What I'm seeing is a trend here, where USFWS has defined critical habitats much larger than needed and has pushed people, agencies, and states way past the line of reasonableness. They have thrown the crab into a pot of boiling water instead of the approach of heating it up slowly like they used to do. Now it is biting them big time. I had to laugh at how much the pro-wolf groups didn't want to compromise at all, until Congress decided they'd just re-write the ESA when it came to wolves. Then they put together a "settlement" in a week. Too bad their own law suit prevented the settlement from happening. If Congress takes a bite out of the ESA, the environmental groups lose their most powerful tool in blocking things they don't like. 

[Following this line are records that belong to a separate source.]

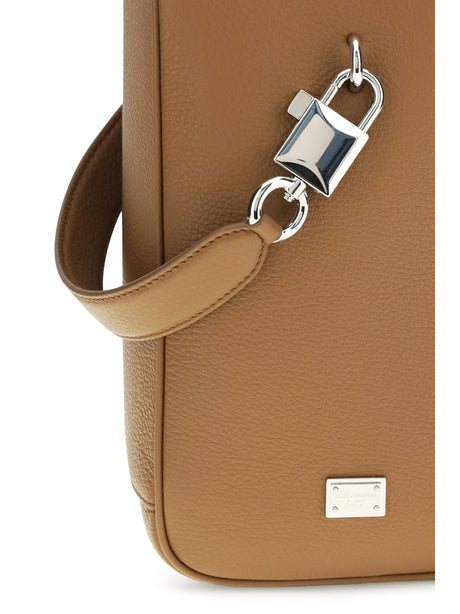 Dolce & Gabbana Lock leather Handbag - Caramello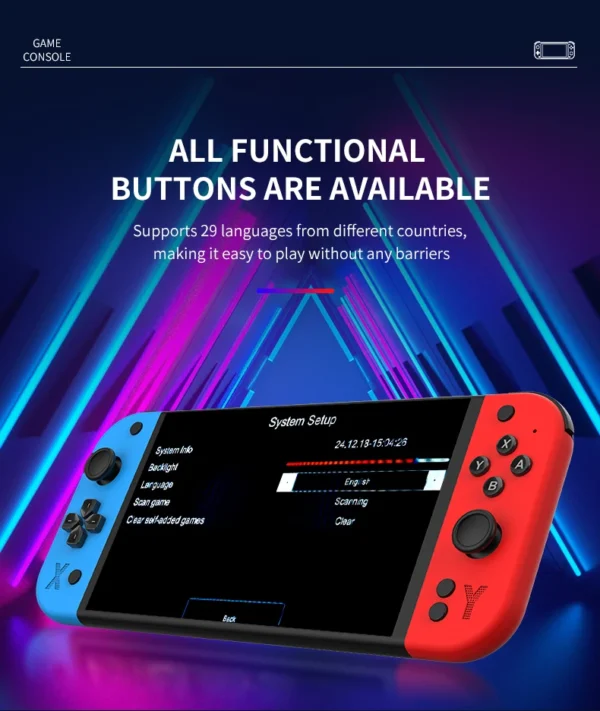 G90 7 inch 64GB 4000mAh high definition arcade handheld game console for PSP/PS1 nostalgic retro TV game controller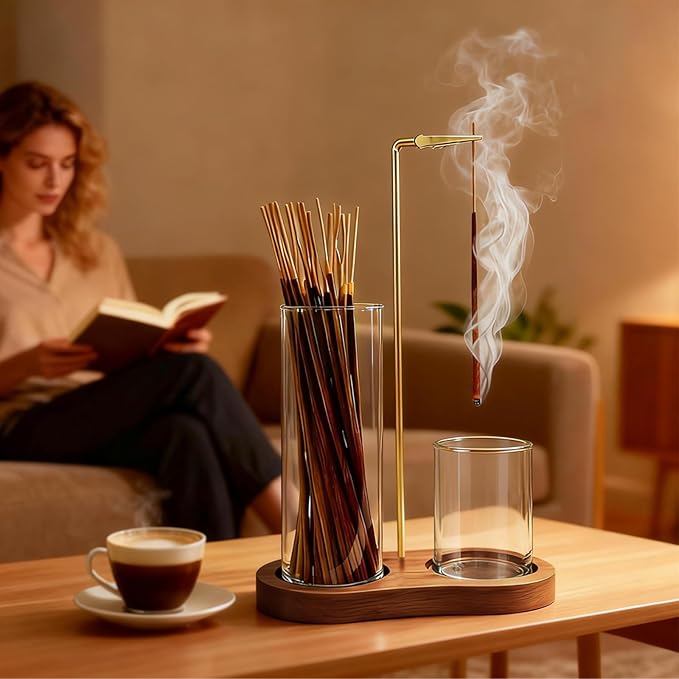 Glass Incense Holder, Black Incense Sticks Burner Holder with Storage,Hang Upside Down Incense Holder for Sticks with Glass Ash Catcher for Meditation Yoga Spa Room Decor (Rustic Brown)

This is going to be VERY interesting to see how these two situations "progress".


----------



## Huge29 (Sep 17, 2007)

I love the BS that these knuckleheads spew! She is worried about inbreeding if too many are killed...so, on that same thought she should have opposed the very introduction of wolves since only like 5 were introduced to do some major inbreeding. Dang, if we just would have known that upfront we could have avoided this whole joke!


----------



## Kingfisher (Jul 25, 2008)

awesome... the enviros are still spouting the nonsense of 'no attacks on humans by a healthy wolf' crap. keep the momentum, drive hard. this is now a political arena not some group of eggheads conducting an experiment.


----------



## utahgolf (Sep 8, 2007)

SSS!!!!! shoot, shovel and shut up!!! I'm almost to the point where I wouldn't even bother with the shovel part. hope these wolves don't gain a heavy foothold here in utah.


----------



## TopofUtahArcher (Sep 9, 2009)

They're already here... I've taken pics of them in the N. Slope of the Uintahs and on the Cache... they killed one in Malad this spring that'd killed at least 3 bucks on the border, again with pics... they're here.


----------



## FishNaked (Apr 15, 2009)

I read a local article this morning and the Governor doesn't need to sign the wolf disaster bill now because the budget bill with the wolf rider passed the house and senate and is on Obama's desk for his signature. Once he signs then wolves will be back into the states control...except for Wyo...and we'll be able to hunt them again this fall!


----------



## itchytriggerfinger (Sep 12, 2007)

Topofutah, 
I don't believe you have pictures. You'll have to prove it!


----------